On working with thread-safety, I find myself always “double checking” before executing code in a lock block and I wondered if I was doing the right thing. Consider the following three ways of doing the same thing:
Example 1:
private static SomeCollection MyCollection;
private static Object locker;
private void DoSomething(string key)
{
if(MyCollection[key] == null)
{
lock(locker)
{
MyCollection[key] = DoSomethingExpensive();
}
}
DoSomethingWithResult(MyCollection[key]);
}
Example 2:
private static SomeCollection MyCollection;
private static Object locker;
private void DoSomething(string key)
{
lock(locker)
{
if(MyCollection[key] == null)
{
MyCollection[key] = DoSomethingExpensive();
}
}
DoSomethingWithResult(MyCollection[key]);
}
Example 3:
private static SomeCollection MyCollection;
private static Object locker;
private void DoSomething(string key)
{
if(MyCollection[key] == null)
{
lock(locker)
{
if(MyCollection[key] == null)
{
MyCollection[key] = DoSomethingExpensive();
}
}
}
DoSomethingWithResult(MyCollection[key]);
}
I always lean towards Example 3, and here’s why I think I’m doing the right thing
- Thread 1 enters
DoSomething(string) MyCollection[key] == nullso Thread 1 obtains a lock, just as Thread 2 entersMyCollection[key] == nullis still true, so Thread 2 waits to obtain the lock- Thread 1 calculates the value for
MyCollection[key]and adds it to the collection - Thread 1 releases the lock and calls
DoSomethingWithResult(MyCollection[key]); - Thread 2 obtains the lock, by which time
MyCollection[key] != null - Thread 2 does nothing, releases the lock and continues on its merry way
Example 1 would work, but there is a big risk that Thread 2 could redundantly calculate MyCollection[key].

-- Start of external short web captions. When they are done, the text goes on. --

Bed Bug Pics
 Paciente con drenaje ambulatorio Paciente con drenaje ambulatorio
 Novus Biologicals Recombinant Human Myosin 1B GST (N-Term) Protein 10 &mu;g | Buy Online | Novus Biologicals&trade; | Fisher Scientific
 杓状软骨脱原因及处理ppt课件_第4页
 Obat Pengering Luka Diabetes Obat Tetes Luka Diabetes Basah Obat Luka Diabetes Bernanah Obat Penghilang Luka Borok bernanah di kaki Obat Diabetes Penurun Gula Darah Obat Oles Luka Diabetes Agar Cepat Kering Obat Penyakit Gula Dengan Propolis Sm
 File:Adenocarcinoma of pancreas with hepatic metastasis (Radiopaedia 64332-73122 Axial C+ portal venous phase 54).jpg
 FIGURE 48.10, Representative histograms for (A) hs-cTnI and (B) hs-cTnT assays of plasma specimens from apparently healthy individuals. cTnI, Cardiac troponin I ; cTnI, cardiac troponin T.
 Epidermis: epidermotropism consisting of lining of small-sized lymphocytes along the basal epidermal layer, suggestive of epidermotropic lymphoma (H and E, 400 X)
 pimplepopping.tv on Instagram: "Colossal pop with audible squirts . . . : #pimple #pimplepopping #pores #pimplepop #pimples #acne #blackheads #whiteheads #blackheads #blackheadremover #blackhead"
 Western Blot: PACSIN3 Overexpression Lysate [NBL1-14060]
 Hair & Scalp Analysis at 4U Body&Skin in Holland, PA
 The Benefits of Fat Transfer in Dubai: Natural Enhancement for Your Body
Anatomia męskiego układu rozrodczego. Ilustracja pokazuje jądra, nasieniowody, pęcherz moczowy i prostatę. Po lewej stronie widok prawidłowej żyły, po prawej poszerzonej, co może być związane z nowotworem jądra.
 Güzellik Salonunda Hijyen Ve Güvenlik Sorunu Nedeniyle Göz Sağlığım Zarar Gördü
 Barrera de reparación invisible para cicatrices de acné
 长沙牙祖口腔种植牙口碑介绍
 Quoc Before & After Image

Example 2 would work, but every thread would obtain a lock, even if it didn’t need to – which could be a (admittedly very small) bottleneck. Why hold up threads if you don’t need to?
Am I overthinking this and if so, what is the preferred way of handling these situations?
The first method should not be used. As you realised, it leaks, so more than one thread can end up running the expensive method. The longer that method takes, the bigger is the risk that another thread will also run it. In most cases it’s only a performance problem, but in some cases it might also be a problem that the resulting data is later on replaced by a new set of data.
The second method is the most common way, the third method is used if the data is accessed so frequently that the locking becomes a performance issue.